Given information Block Start
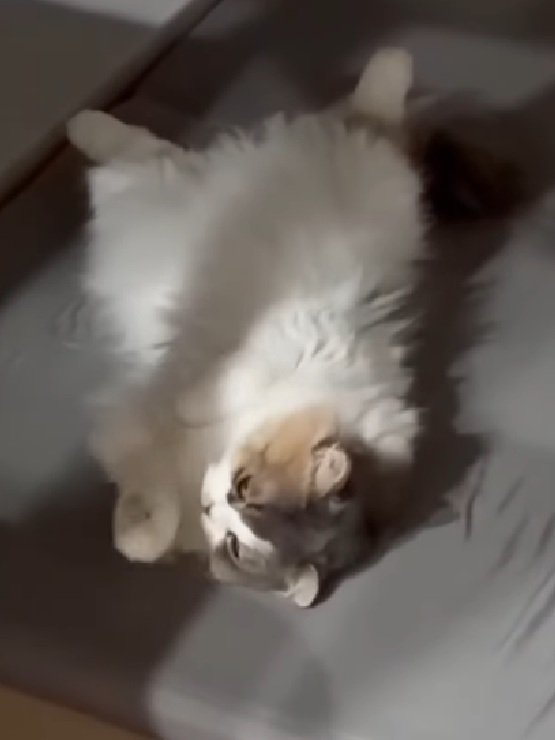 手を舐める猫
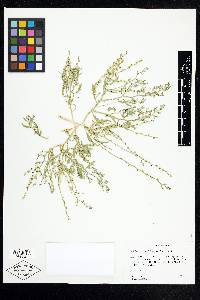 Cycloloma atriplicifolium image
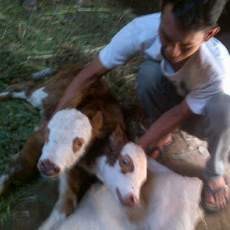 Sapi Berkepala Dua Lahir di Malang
Given information Block End
Given information Block Start
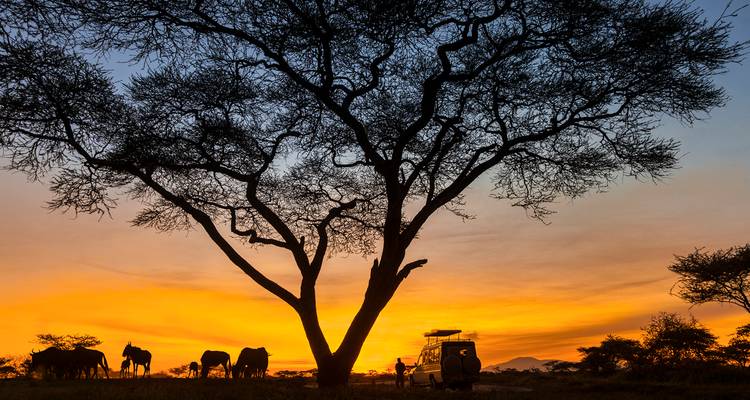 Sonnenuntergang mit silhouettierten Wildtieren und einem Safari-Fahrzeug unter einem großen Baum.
Given information Block End
About this task :: Beginning at the line that has "Cycloloma atriplicifolium image" and ending at the line that has "Sapi Berkepala Dua Lahir di Malang", restate the listing above word for word, pictures left out.

Solution for this task ::
 Cycloloma atriplicifolium image
 Sapi Berkepala Dua Lahir di Malang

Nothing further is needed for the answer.